Justice has hit the mainstream of evangelicalism these days. When we go to church, there is often a smorgasboard of impressive justice efforts that we can choose from to give money to, or donate a few hours a week to. Yet what really changes to our underlying ways of life which support the injustice in the first place? Is this the Starbuck’s logic at work? When publishers put out justice books to help raise awareness so we “do this or that” to show solidarity with a cause, do we likewise participate in the same logic? From a distance, we can get involved safely, be part of something with no risk. But truth is little changes underneath. We feel better about stuff which then enables us to keep on participating in the same economic and social relations which keep all the injustice going? Are we all really just getting distracted by these justice efforts, able to go on living our normal lives ignoring the ways we participate daily in supporting the systems of injustice? Are we really just distracted by these justice effort, diverting our attention away from those in our immediate context who are hurting, victumized, struggling, marginalized?

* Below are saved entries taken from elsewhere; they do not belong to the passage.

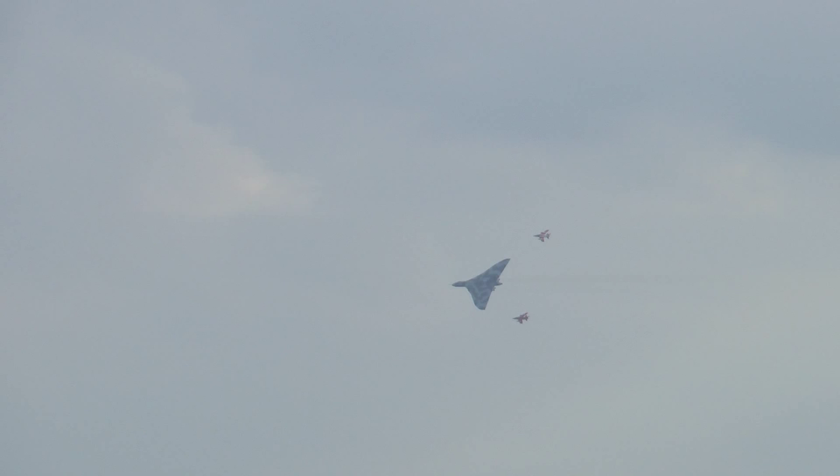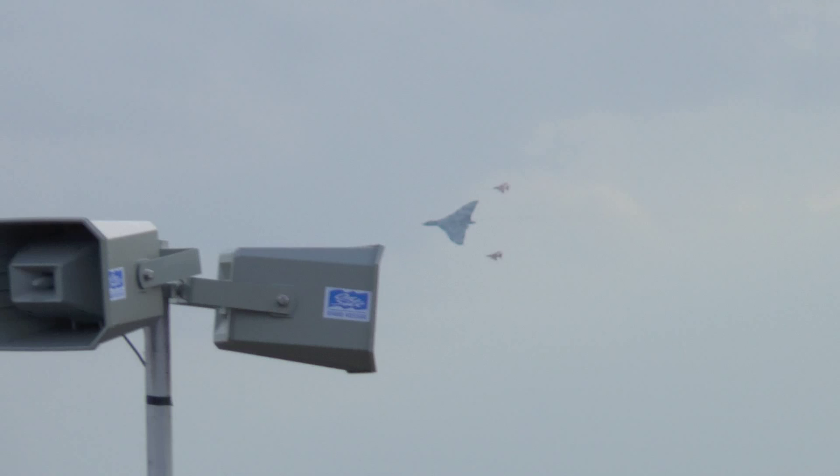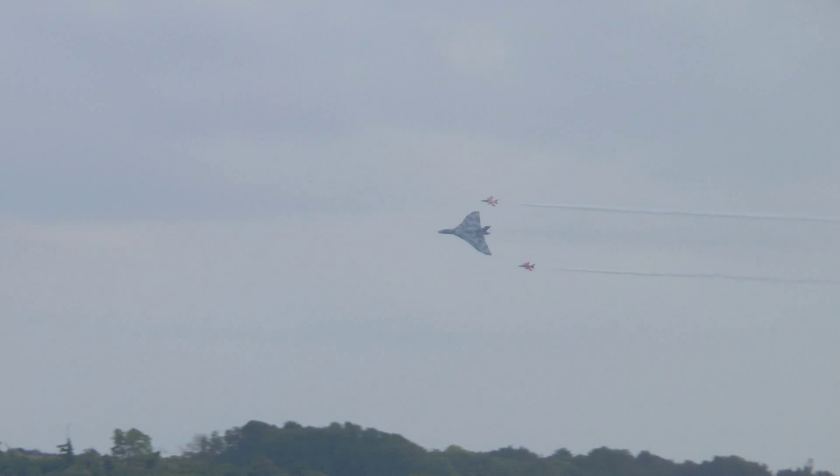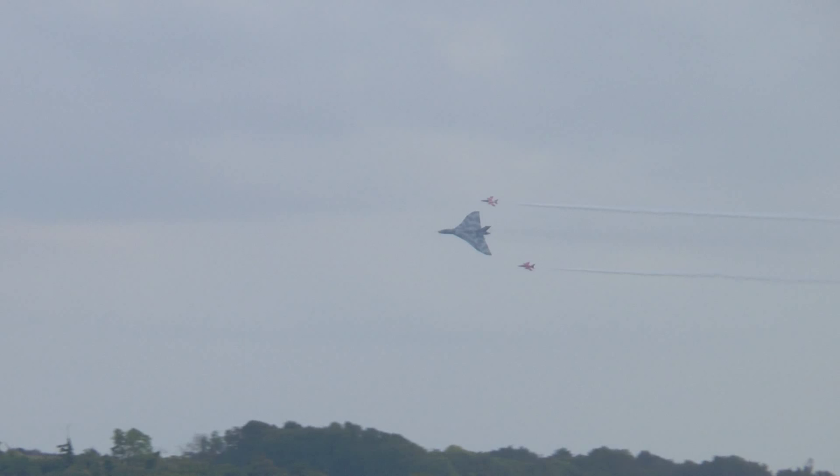Well, to be precise, the Avro 698 tailless delta, which was what developed into the Vulcan. I think we do have a few pieces of paper which Roy Chadwick had drawn on in 1946, the year after the war ended. And the shape that he'd drawn, it recognizably happened. Which is extraordinary.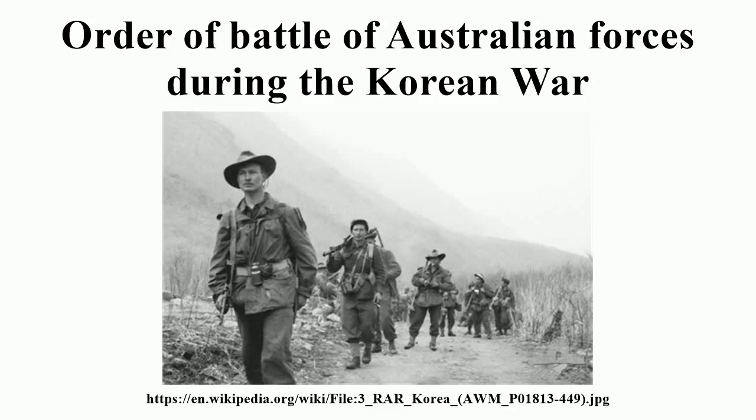Royal Australian Air Force: No. 91 Wing RAAF. Fighter/Bomber: No. 77 Squadron RAAF, equipped with North American P-51D Mustang and Gloster Meteor. Transport: No. 30 Communications Unit RAAF, Douglas C-47 Dakota; No. 30 Transport Unit RAAF, Douglas C-47 Dakota.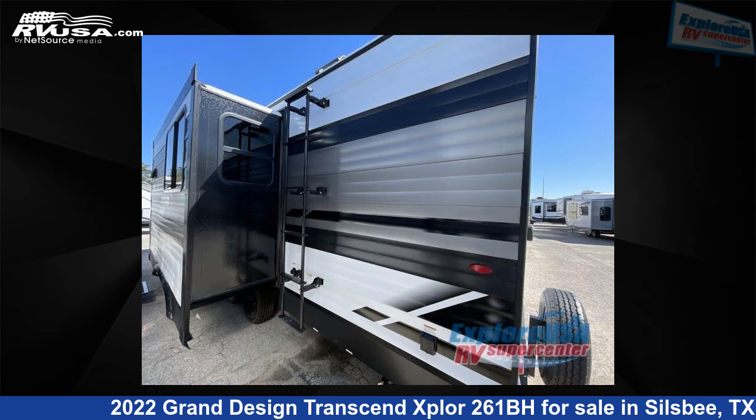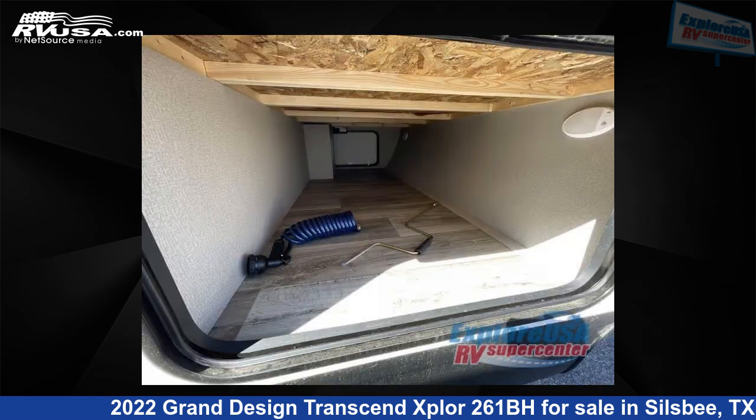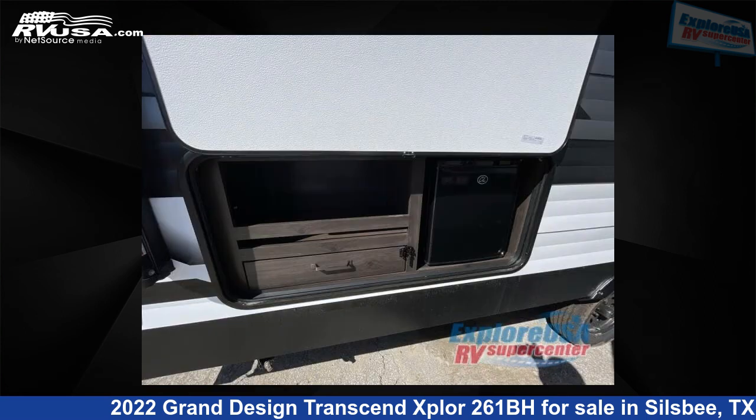This new Grand Design is 30 feet 0 inches in length and features one slide out, a gunstock interior, sleeps nine, and 62 gallons fresh water capacity. The floor plan layout of this travel trailer features bunkhouse, front bedroom.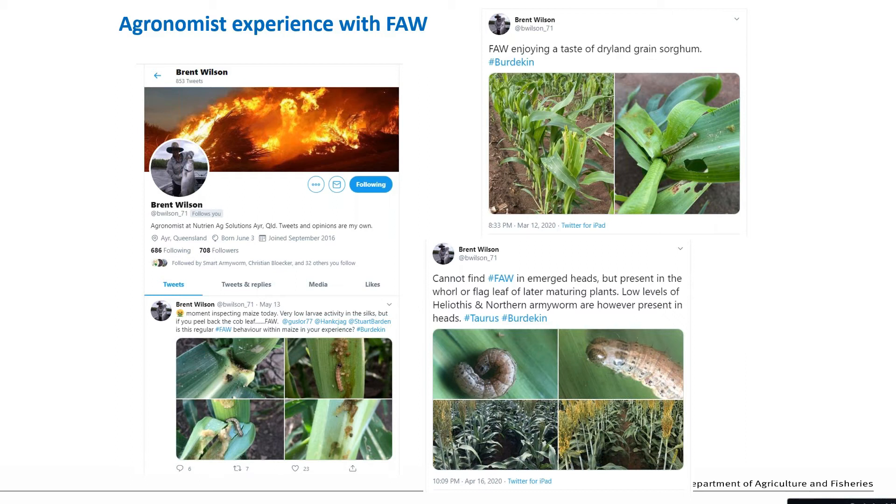One of the things Brent has learned is that the defoliation damage you can see can be quite severe, but ultimately the impact on yield tends to be minimal. Just in the last couple of weeks he sprayed the very first crop - a maize crop - because it had very high infestation. Infestation levels are still going up in North Queensland, but up until that point he had managed both maize and sorghum quite successfully without treating for fall armyworm.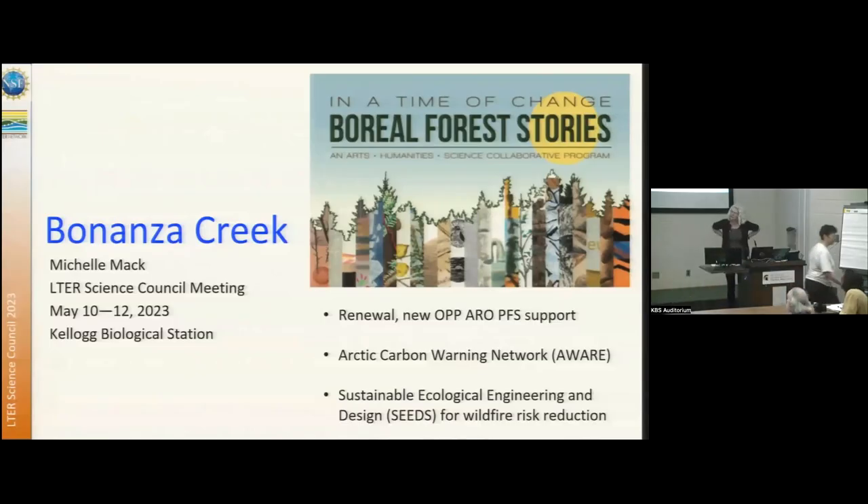I'm here to talk about the Bonanza Creek LTER and the interior boreal forests of Alaska. We had a very successful exhibit of our arts, humanities, and science collaborative process in a time of change. I would encourage you to go look at our website where there's fantastic art — botanical art, sense of place, and different sorts of depictions of science in the boreal forest. Looking at this exhibit is quite fantastic, even online.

Recently in the last two years a large mega church opened up a multi-million dollar center for justice on its large campus. It offers an stunning array of services for food, shelter, car repair, home repair, counseling etc to those who are hurting and are in need. At first blush this is a great act of mercy. Indeed much true mercy is being facilitated by this kind of program. But there are questions to be asked as well. When we set up justice as a goods and service operation for the poor to come to, have we structured a new provider-client relationship? In what way does this make justice convenient in essence extracting people and justice from our local contexts, neighborhoods, blocks and relationships? In what ways does the erection of a “justice building” make justice a little piece of “surplus enjoyment” to be included in the price of church? and in the process ensconcing injustice more permanently in place because it trains the poor to be poor, to be dependent on a new system that separates the haves from the have-nots, the providers from the clients?
There are of course limits to this logic. And we must be careful to not disavow works of mercy as points of relief for those in pain. But at some point we as churches must discern what is justice, what is mercy and what is Starbuck’s logic. If we contribute to relief efforts at a distance (without knowing people on the ground) in say Africa, are we funneling funds through existing power structures for distribution. But these structures are sources of power from which injustice is kept firmly in place. Are we in essence supporting and building up the exact structures responsible for the injustices in the first place. Read Emmanuel Katongole for a powerful account of this in his book Sacrifice of Africa. We must ask ourselves the same questions as we lead our congregations into God’s work of restoring justice in the world through Jesus Christ. We all know how counseling can be addictive extracting people from the work of day to day healing of relationships. In Prodigal Christianity ch. 9, we push for justice as part of every day life into the local contexts we live. The local context is the incarnational site for God’s Kingdom to break in for the sake of the whole world. It is from here that relationships of all kinds move beyond the local to translocal, even national, and to the world.
How does your church discern the Starbuck’s logic in your church’s justice efforts?